Bruce Cohen is a musician and composer hailing from Philadelphia, with an interesting musical background. He was a founding member and keyboard player in The Reds who have played live with bands like The Police, Blondie, The Ramones and Public Image, amongst others. They have also released several successful albums.

As a solo artist, Bruce has been releasing material since 2009, and his music is essentially ambient electronica with elements of funk and acid house. He regards his influences as Brian Eno, Peter Gabriel and Klaus Schulze. This twelve track album, Five BC, is a continuation in a series of albums that started with his debut, One BC.

It starts with the chilled out acid house of Groovatronic, based around a punchy ‘four to the floor’ kick drum and syncopated, exotic percussion. Throughout the album, Cohen incorporates elements of tribal Latin and African style rhythms to great effect. The synths are subtle and float across the sonic spectrum, having a mesmeric effect. They are layered skilfully across the duration of the track, so that they are continually metamorphosing.

Kaiju is a distinct contrast, a loping, almost hip hop-esque beat as the backdrop for an instantly memorable high end synth riff, counterpointed by a rumbling dub synth bass. It sounds so modern that it could be straight from the production house of hip hop producers like Dr. Dre or Jay-Z. Once again, the track builds gradually across its six minute duration, with some wild synths towards the end.

Saturn Drift, as the title suggests, is a spaced out Brian Eno-style ambient instrumental. Cohen conjures up a magical soundscape that transports you as a listener and by the end you feel you are indeed orbiting Saturn. A sax-like synth melody meanders across the sonic haze, and the sense of displaced time is compelling.

Push Play is much more close to traditional electronica. Like Groovatronic, it’s based around a house beat with inventive use of percussion. The bassline has a very addictive melody, while circular synth patterns in the high end draw you in further. The final minute is a kaleidoscopic swirl of sonic Technicolor.
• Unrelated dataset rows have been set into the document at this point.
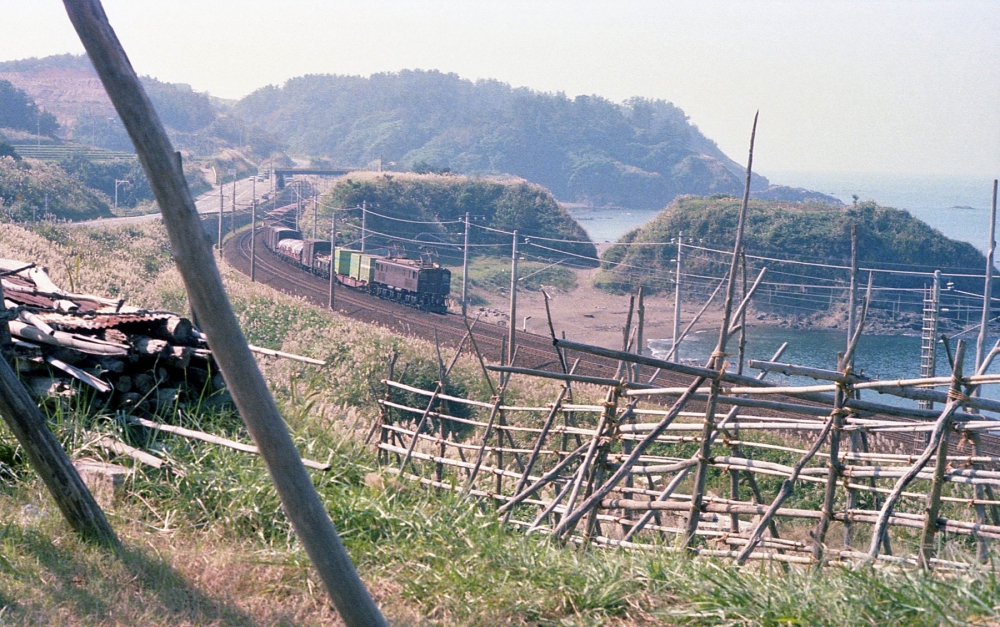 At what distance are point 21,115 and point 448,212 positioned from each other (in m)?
30.5

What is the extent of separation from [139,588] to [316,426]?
6.53 feet

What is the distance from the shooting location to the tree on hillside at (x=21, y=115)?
54.3 meters

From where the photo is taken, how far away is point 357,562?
3982 millimetres

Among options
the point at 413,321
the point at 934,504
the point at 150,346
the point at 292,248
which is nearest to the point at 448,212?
the point at 292,248

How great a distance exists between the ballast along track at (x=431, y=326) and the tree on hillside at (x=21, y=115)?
2837cm

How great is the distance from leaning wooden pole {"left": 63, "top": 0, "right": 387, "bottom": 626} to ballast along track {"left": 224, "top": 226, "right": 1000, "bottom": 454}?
12.1m

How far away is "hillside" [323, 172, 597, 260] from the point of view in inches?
1822

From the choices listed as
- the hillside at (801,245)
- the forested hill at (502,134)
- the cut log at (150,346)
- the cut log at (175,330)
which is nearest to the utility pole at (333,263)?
the hillside at (801,245)

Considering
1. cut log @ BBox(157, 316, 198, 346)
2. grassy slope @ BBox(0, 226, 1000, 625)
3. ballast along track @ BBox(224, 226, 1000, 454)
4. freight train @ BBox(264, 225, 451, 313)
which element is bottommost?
ballast along track @ BBox(224, 226, 1000, 454)

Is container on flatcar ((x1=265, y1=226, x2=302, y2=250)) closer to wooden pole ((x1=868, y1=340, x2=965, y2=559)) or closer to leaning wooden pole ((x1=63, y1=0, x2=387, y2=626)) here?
wooden pole ((x1=868, y1=340, x2=965, y2=559))

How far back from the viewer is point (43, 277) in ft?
24.2

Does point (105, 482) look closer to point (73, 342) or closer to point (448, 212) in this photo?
point (73, 342)

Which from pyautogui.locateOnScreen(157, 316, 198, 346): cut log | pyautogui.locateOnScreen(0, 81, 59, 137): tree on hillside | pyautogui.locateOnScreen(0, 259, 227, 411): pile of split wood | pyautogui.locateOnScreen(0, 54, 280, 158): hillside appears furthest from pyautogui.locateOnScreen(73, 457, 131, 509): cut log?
pyautogui.locateOnScreen(0, 54, 280, 158): hillside

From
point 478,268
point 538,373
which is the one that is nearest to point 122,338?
point 538,373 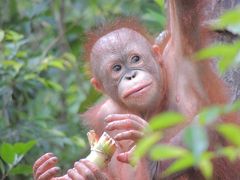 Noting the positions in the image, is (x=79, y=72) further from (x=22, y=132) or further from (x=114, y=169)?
(x=114, y=169)

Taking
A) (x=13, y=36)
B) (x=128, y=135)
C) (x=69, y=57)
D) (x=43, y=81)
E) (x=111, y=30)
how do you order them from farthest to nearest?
(x=69, y=57)
(x=43, y=81)
(x=13, y=36)
(x=111, y=30)
(x=128, y=135)

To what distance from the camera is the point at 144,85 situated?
8.79 ft

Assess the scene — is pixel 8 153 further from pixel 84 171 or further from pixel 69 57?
pixel 69 57

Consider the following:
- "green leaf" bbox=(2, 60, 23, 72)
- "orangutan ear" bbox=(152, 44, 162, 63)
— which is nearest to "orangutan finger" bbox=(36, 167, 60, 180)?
"orangutan ear" bbox=(152, 44, 162, 63)

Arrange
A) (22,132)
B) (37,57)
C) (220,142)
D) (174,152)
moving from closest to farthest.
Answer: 1. (174,152)
2. (220,142)
3. (22,132)
4. (37,57)

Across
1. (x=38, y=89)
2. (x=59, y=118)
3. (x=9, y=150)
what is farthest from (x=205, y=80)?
(x=59, y=118)

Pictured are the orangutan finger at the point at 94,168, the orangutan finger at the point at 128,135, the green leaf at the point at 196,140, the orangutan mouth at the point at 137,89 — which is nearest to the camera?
the green leaf at the point at 196,140

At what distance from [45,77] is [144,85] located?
194 centimetres

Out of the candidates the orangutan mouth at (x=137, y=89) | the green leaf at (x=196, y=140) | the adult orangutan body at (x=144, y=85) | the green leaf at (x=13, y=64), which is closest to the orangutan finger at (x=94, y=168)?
the adult orangutan body at (x=144, y=85)

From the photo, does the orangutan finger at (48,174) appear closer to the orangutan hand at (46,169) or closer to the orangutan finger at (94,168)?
the orangutan hand at (46,169)

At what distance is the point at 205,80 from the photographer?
2.58 m

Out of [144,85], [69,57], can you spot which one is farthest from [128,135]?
[69,57]

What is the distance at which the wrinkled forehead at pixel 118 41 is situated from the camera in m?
3.00

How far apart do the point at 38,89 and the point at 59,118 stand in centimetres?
62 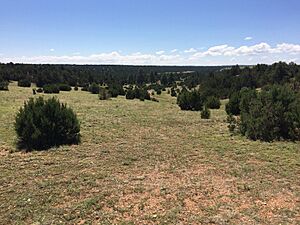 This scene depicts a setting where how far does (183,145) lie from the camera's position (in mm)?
12203

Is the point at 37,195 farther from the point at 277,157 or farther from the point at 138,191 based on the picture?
the point at 277,157

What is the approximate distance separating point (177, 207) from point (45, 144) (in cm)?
662

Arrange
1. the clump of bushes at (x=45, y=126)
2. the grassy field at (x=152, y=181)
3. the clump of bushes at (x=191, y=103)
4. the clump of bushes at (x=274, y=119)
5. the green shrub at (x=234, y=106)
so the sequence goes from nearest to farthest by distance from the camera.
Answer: the grassy field at (x=152, y=181) < the clump of bushes at (x=45, y=126) < the clump of bushes at (x=274, y=119) < the green shrub at (x=234, y=106) < the clump of bushes at (x=191, y=103)

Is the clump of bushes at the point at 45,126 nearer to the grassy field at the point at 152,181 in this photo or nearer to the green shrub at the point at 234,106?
the grassy field at the point at 152,181

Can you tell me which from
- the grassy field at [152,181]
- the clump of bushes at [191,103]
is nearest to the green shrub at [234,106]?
the clump of bushes at [191,103]

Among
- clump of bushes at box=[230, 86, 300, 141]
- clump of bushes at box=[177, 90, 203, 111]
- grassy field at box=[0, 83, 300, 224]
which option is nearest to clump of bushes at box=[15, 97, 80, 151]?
grassy field at box=[0, 83, 300, 224]

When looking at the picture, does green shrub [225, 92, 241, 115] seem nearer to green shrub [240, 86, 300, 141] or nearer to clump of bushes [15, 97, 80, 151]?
green shrub [240, 86, 300, 141]

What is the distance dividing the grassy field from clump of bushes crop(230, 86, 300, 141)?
2.56 ft

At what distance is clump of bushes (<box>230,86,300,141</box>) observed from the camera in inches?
518

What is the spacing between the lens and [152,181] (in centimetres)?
844

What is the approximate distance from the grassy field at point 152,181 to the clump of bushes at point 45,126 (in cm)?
55

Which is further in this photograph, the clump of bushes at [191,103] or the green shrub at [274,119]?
the clump of bushes at [191,103]

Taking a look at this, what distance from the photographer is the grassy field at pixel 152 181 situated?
658 centimetres

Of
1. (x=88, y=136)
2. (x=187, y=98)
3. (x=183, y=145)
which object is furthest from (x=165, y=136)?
(x=187, y=98) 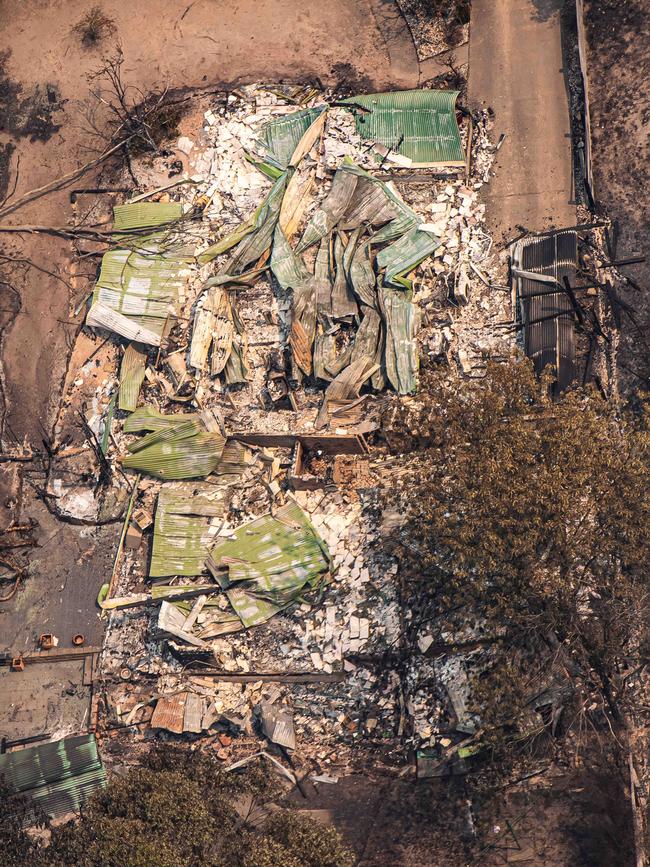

Silence is another ambient piece that takes you to distant realms in your imagination, Cohen weaving a potent spell with amorphous synths circling and swirling. The following Electric Samba is an unexpected contrast, an uptempo, funky groove that seems tailor made for the dance floor and recalls the Balearic house era of the 1990’s. The percussion patterns have an internal melody that grips the ear and the beat is simply irresistible. My personal favourite on the album.

Somber is an interesting blend of the two disparate styles, halfway between ambient and house, with a magical sounding melody interweaving amongst pulsing chordal synths. The contrasts keep coming with the hugely funky breakbeat funk of What Is It, which grabs you from its first seconds. A pitch shifted keyboard works in a pleasingly angular way to the sparse but effective Jah Wobble-esque bassline. Another highlight.

On The Road is different once more; a skittish, industrial beat is the bedrock for a moody low end synth while melodic fractals splinter and evolve across five and a half minutes in a hypnotic fashion. Sunday is half the length and the most sparse piece here, simply a low cello-like synth carving out a solemn, hymnal melody. Haunting.

No One takes us back into the world of exotic rhythm, an intricate beat full of percussive subtleties that get the top tapping. Gradually, a haze of synths take centre stage, conjuring an enigmatic vibe. The final track Requiem feels like a continuation, perhaps by design. It’s another ambient piece and the most mystical track on the album. For me, it gave me that same sense of quiet awe you might feel under a clear night sky and it leaves the listener feeling somewhat elated, a satisfying conclusion to a musical odyssey.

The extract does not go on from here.